Problem to work on: Pictures in the listing below are skipped, while the lines from the "Comodino porta telefono" line through the "- K11562-Gorsel - Realhomes" line are returned word for word.

Supplied records:
※

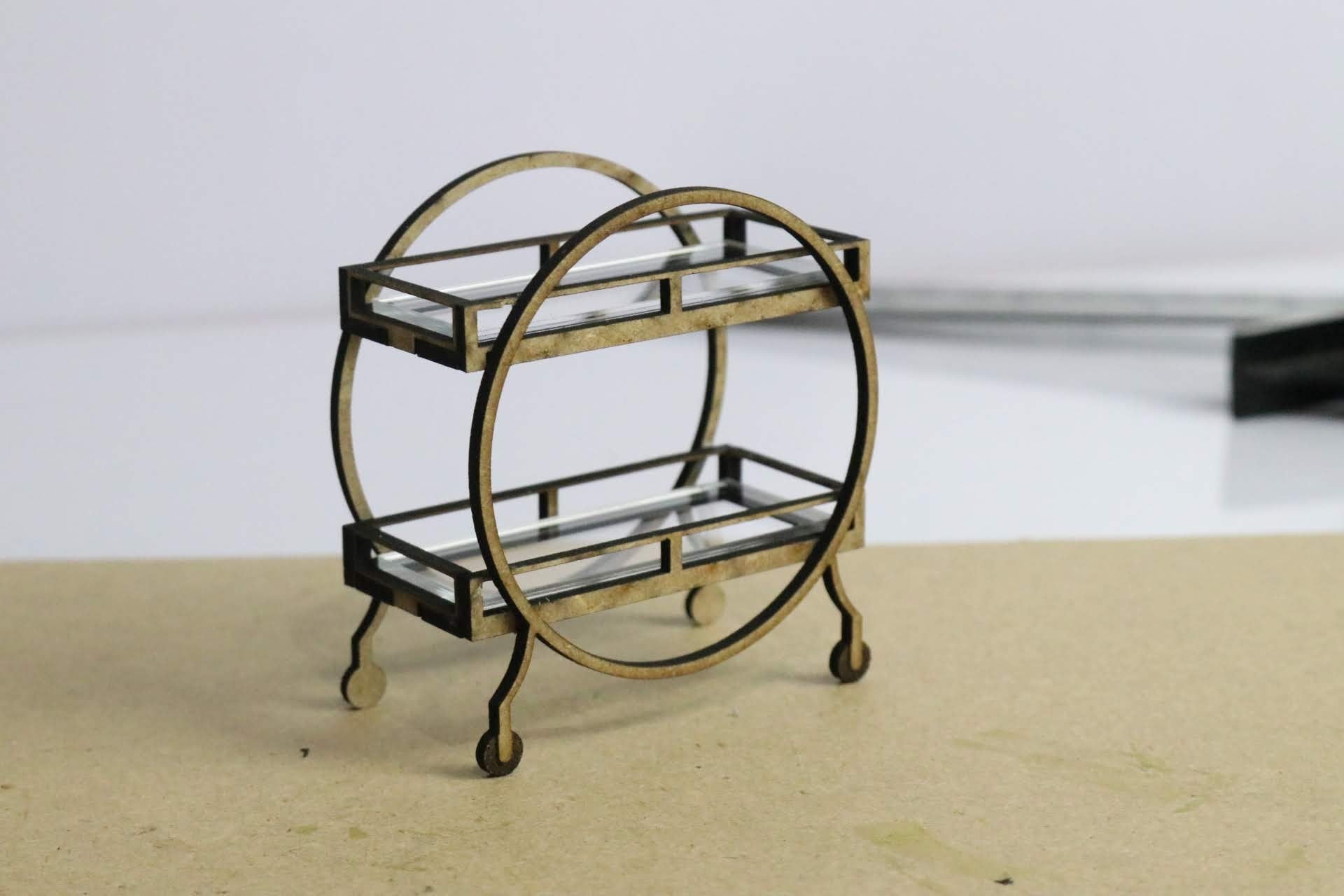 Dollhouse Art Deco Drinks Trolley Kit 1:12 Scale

※

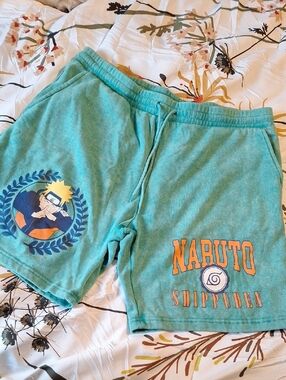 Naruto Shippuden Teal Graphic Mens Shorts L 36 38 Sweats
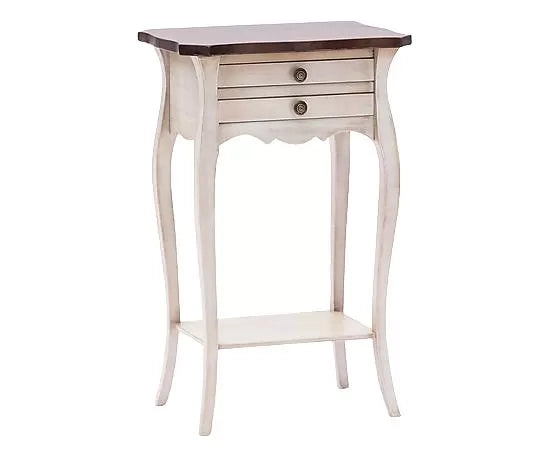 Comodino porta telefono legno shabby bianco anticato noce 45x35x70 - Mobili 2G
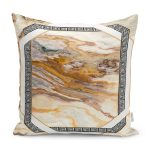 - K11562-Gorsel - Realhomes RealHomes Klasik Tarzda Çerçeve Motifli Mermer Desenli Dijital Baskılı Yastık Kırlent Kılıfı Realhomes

※

Exercise response:
 Comodino porta telefono legno shabby bianco anticato noce 45x35x70 - Mobili 2G
 - K11562-Gorsel - Realhomes RealHomes Klasik Tarzda Çerçeve Motifli Mermer Desenli Dijital Baskılı Yastık Kırlent Kılıfı Realhomes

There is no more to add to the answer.